The American College of Rheumatology reports that the large majority of people diagnosed are women, and women more often report widespread pain, fatigue and tender points. Men are diagnosed less often and sometimes later — partly because the condition is still wrongly thought of as a "women's" illness, so men's symptoms get overlooked. Fibromyalgia does affect men, and their pain is just as real.

On the heavy-symptom days

None of this is curable, and we'll never pretend otherwise. What helps, on the days the symptoms pile up, is making comfort easy to reach: warmth on aching muscles, soft pressure, a dark quiet space, and rest before the crash. For the aching-muscle days, some people also reach for gentle warmth and soft pressure from a muscle relief massage kit. We gathered the things people reach for most into our Flare-Day Comfort Kit, and our wider comfort collection is built around the same idea.
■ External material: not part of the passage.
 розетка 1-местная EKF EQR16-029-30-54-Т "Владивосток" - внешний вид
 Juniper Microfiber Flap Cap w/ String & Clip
Comfort, never a cure.

For more, see how to calm a flared-up nervous system and what to keep in a flare-day kit.

Frequently asked questions

What is the biggest symptom of fibromyalgia?
Widespread, persistent pain is the defining symptom, though many people living with it would add deep fatigue as an equal.

What are 20 symptoms of fibromyalgia?
Widespread pain, fatigue, unrefreshing sleep, fibro fog, sensory sensitivity, morning stiffness, mood changes, headaches, tingling/numbness, IBS-type digestive issues, temperature sensitivity, dizziness, restless legs, TMJ/jaw pain, bladder sensitivity, dry eyes/mouth, tender points, medication sensitivity, post-exertional crashes, and anxiety or low mood.

What are the worst symptoms of fibromyalgia?
Many people name the unpredictability, the fatigue, and the cognitive fog as hardest — along with the emotional weight of an invisible illness.

What are rare fibromyalgia symptoms?
Allodynia (pain from gentle touch), skin-crawling sensations, sensitivity to smell, vision changes, and sudden temperature swings are reported but less commonly discussed.

Are fibromyalgia symptoms different in women and men?
Women are diagnosed far more often and tend to report more widespread pain and tender points; men are under-diagnosed but experience the same condition.

Is fibromyalgia real if the symptoms are invisible?
Yes. Fibromyalgia is a recognized condition involving how the nervous system processes pain. It is not imagined.

This article is general information, not medical advice, and is not intended to diagnose, treat, cure, or prevent any condition. Only a qualified clinician can diagnose fibromyalgia — if these symptoms sound like your everyday, please talk to your doctor. Sources: CDC, NIH/NIAMS, Mayo Clinic, American College of Rheumatology, Arthritis Foundation.